**WORK REQUEST:** Taking the data below, please print only the lines from the line holding "Boltze - Set" to the line holding "抖音小店·第27期特训营 体", inclusive, with pictures omitted.

━━━━━ EXTRACTED MATERIAL ━━━━━

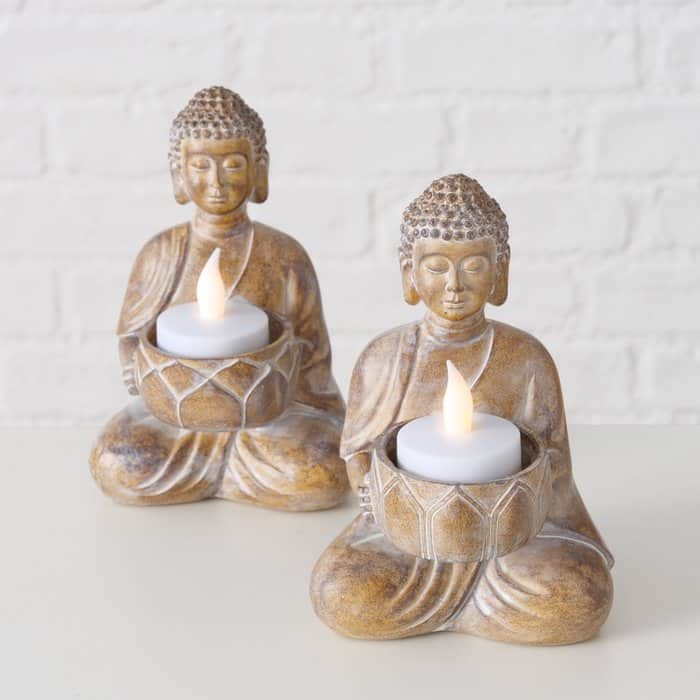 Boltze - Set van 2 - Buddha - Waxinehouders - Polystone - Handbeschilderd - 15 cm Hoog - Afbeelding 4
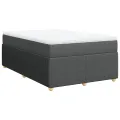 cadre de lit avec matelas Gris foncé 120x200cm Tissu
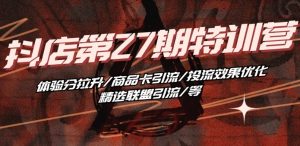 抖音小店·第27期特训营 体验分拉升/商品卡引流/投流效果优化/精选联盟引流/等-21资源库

━━━━━
━━━━━ EXTRACTED MATERIAL ━━━━━

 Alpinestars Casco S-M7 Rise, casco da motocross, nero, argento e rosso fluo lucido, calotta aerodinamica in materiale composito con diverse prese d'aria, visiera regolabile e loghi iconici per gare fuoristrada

━━━━━
━━━━━ EXTRACTED MATERIAL ━━━━━

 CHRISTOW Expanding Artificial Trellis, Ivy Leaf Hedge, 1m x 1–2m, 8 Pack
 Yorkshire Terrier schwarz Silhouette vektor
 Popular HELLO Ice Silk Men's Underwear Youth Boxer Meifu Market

━━━━━

**ANSWER TO THIS TASK:**
 Boltze - Set van 2 - Buddha - Waxinehouders - Polystone - Handbeschilderd - 15 cm Hoog - Afbeelding 4
 cadre de lit avec matelas Gris foncé 120x200cm Tissu
 抖音小店·第27期特训营 体验分拉升/商品卡引流/投流效果优化/精选联盟引流/等-21资源库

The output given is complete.